Florida, especially South Florida, is a bustling region of immigrants, as one in five residents is an immigrant or born in another country. Of 4.5 million immigrants, only 2.5 million, 57%, are naturalized, as of surveys taken in 2018. With most of the other 2 million immigrants legally in the United States through processes other than naturalization, approximately 656,000 people are estimated to be in Florida illegally.
Established in 2003 to combat security concerns after 9/11 in accordance with the Homeland Security Act, Immigration and Customs Enforcement (ICE) was designed to “protect America from the cross-border crime and illegal immigration that threaten national security and public safety.” While ICE has been committed to preventing crimes and removing terrorists, the rampant xenophobia and racism that President Donald Trump has elicited has altered ICE’s seemingly central goals.
ICE under President Barack Obama primarily focused on illegal immigrants who were a terroristic threat or had recently migrated, leaving little time for other illegal immigrants. Even then, many immigrant rights campaigners criticized the high rates of the heartless removal of illegal immigrants. Unfortunately, President Trump, within his first week in office, despicably overturned these priorities. This move allows ICE to target all illegal immigrants, regardless of their situations and ties to the United States, and bans migrants from awaiting court proceedings.
ICE officials hold immigrants in migrant detention centers, with horrific conditions, as disease is rampant in the dirty, unorganized buildings. These centers pack children and adults in metal cages, often separating families who do not know when they will be reunited again. There are reports of outbreaks in disease that have led to countless deaths, many due to the fact ICE refused to administer free vaccines to migrants.
As COVID spread over the summer, migrants reported how ICE officials claim that COVID public health measures are not their responsibilities, refusing to wear masks and not maintaining a safe distance. When someone is presumed sick, they are taken into another room and ICE refuses to tell the migrants if the person has died, got deported, or transferred.
Along with the rampant health violations from contaminated food and dirty, cramped living spaces, ICE guards have reportedly brutally sexually harassed women and children in the centers according to immigrant women. Although a high number of these cases remain unreported, often due to fear of deportation or immigrant’s lack of access to file a complaint, with the Department of Homeland Security (DHS) Office of Inspector General received 33,000 complaints between 2010 and 2016. ICE agents foster a horrible community, with many shrugging or ignoring complaints. Just one center began to focus on the sexual assault complaints due to the backlash, yet the investigation came two years after the incidents.
As paralleled with many governmental institutions within the United States, ICE unfairly detains and treats Black immigrants. ICE has 44% of families in detention who are Haitian and a 6,000 higher average bond. As the daughter of two Haitian immigrants, this is devastating. Impoverished, innocent people are escaping dangerous poverty in their hometown only to be forced into cages and treated more poorly than most by self-righteous, despicable, selfish people who oppose immigration.

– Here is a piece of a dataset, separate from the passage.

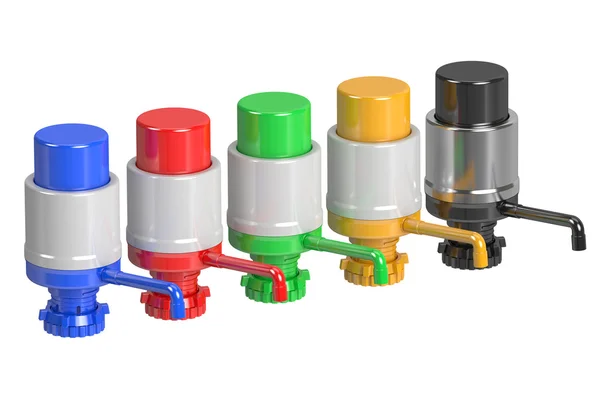 Набір пляшкових насосів для питної води Gallon, 3D рендеринг — стокове фото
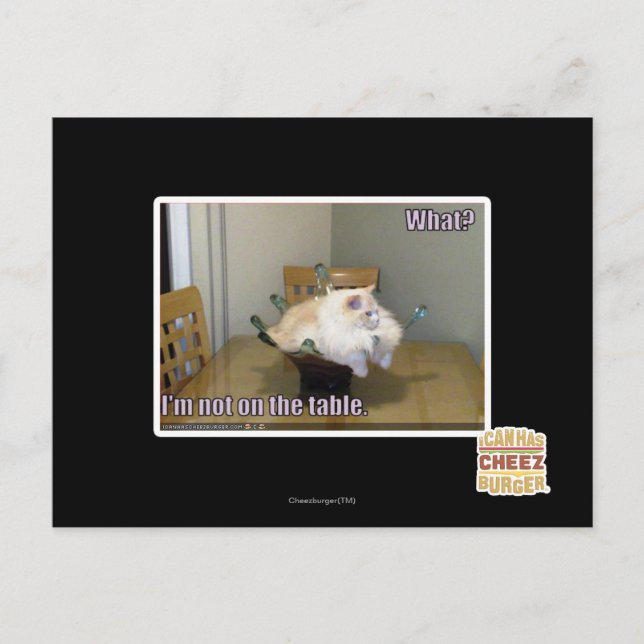 I'm not on the table postcard (Front)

To protect basic human rights, these ICE containment centers should be abolished. ICE has turned into a physical manifestation of the xenophobia and racism that plagues the United States and is utterly unacceptable. ICE should be doing their jobs in a way that does not infringe on human rights. Immigrant families should not be separated and ICE should focus on immigrants who pose a risk, not just all immigrants in general.
Evidently, citizenship paths should be made easier and more fair. Rather than focus on the deportation and prevention of the arrival of immigrants, the United States should focus more on helping immigrants come legally and improve their lives. In a land where we are all immigrants, the naturalization process should not be more difficult than it has to be.